Nimmt eine GmbH im laufenden Jahr eine natürliche Person als atypisch stillen Gesellschafter auf, so ist der für Einzelunternehmen und Personengesellschaften geltende Freibetrag von 24.500 € in dem an die GmbH als Geschäftsherrn zu adressierenden, die GmbH & atypisch Still betreffenden Gewerbesteuermessbescheid zu berücksichtigen.
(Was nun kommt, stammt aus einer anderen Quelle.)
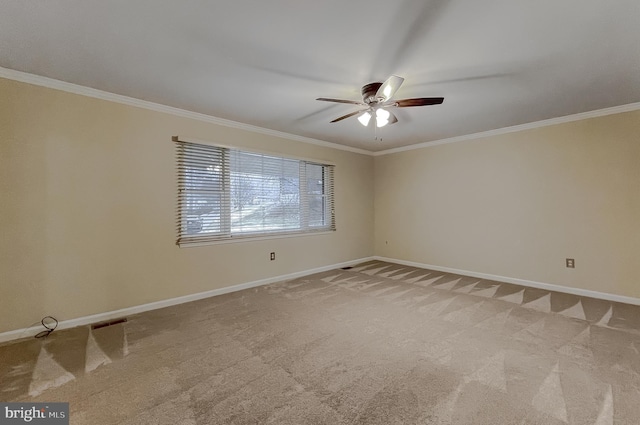 unfurnished room featuring ceiling fan, light colored carpet, and crown molding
Der GmbH selbst steht der Freibetrag nicht zu; der aufgrund des von ihr vor der Aufnahme des stillen Gesellschafters erzielten Gewinns ermittelte Gewerbeertrag ist daher nicht zu kürzen.

Kurzbesprechung
BFH v. 15.7.2020 - III R 68/18

GewStG § 2, § 5 Abs. 1, § 11 Abs. 1 S. 3 Nr. 1
EStG § 15 Abs. 1 S. 1 Nr. 2
HGB § 230 ff


Die Tätigkeit einer GmbH gilt stets und in vollem Umfang als Gewerbebetrieb (§ 2 Abs. 2 Satz 1 GewStG) und unterliegt daher der Gewerbesteuer (§ 2 Abs. 1 Satz 1 GewStG). Da sie als GmbH eine Kapitalgesellschaft ist, wird ihr Gewerbeertrag nicht um den Freibetrag für natürliche Personen und Personengesellschaften (§ 11 Abs. 1 Satz 3 Nr. 1 GewStG) gekürzt.
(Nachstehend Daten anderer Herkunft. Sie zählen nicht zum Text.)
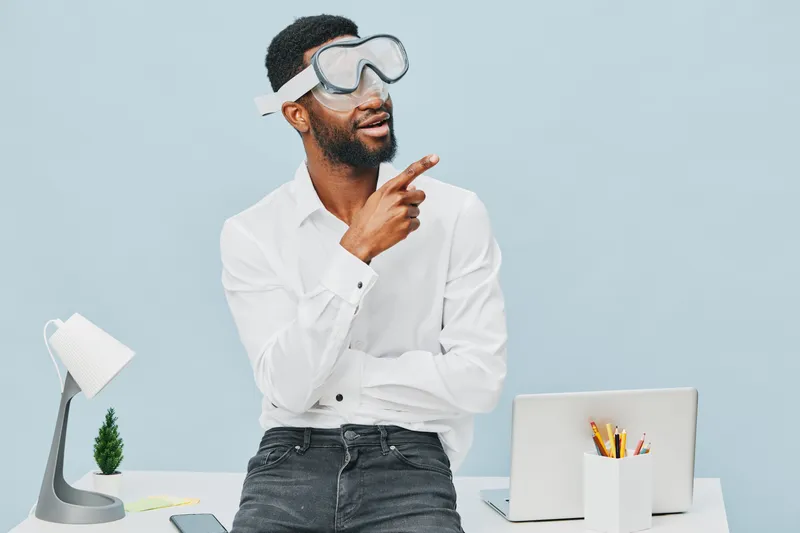 Person wearing safety goggles and pointing upward, working in modern office with laptop, stationery, and desk accessories, blue wall background. Creative workplace concept.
Ein stiller Gesellschafter ist Mitunternehmer i.S. des § 15 Abs. 1 Satz 1 Nr. 2 EStG, wenn er Mitunternehmerinitiative entfalten kann und Mitunternehmerrisiko trägt. Nimmt - wie im Streitfall - eine GmbH einen stillen Gesellschafter auf, der als Mitunternehmer zu behandeln ist --atypisch stiller Gesellschafter--, so handelt es sich bei der dadurch entstehenden sog. "GmbH & atypisch Still" um eine "andere Gesellschaft" i.S. von § 15 Abs. 1 Satz 1 Nr. 2 Satz 1 EStG, bei der die Gesellschafter als Mitunternehmer anzusehen sind.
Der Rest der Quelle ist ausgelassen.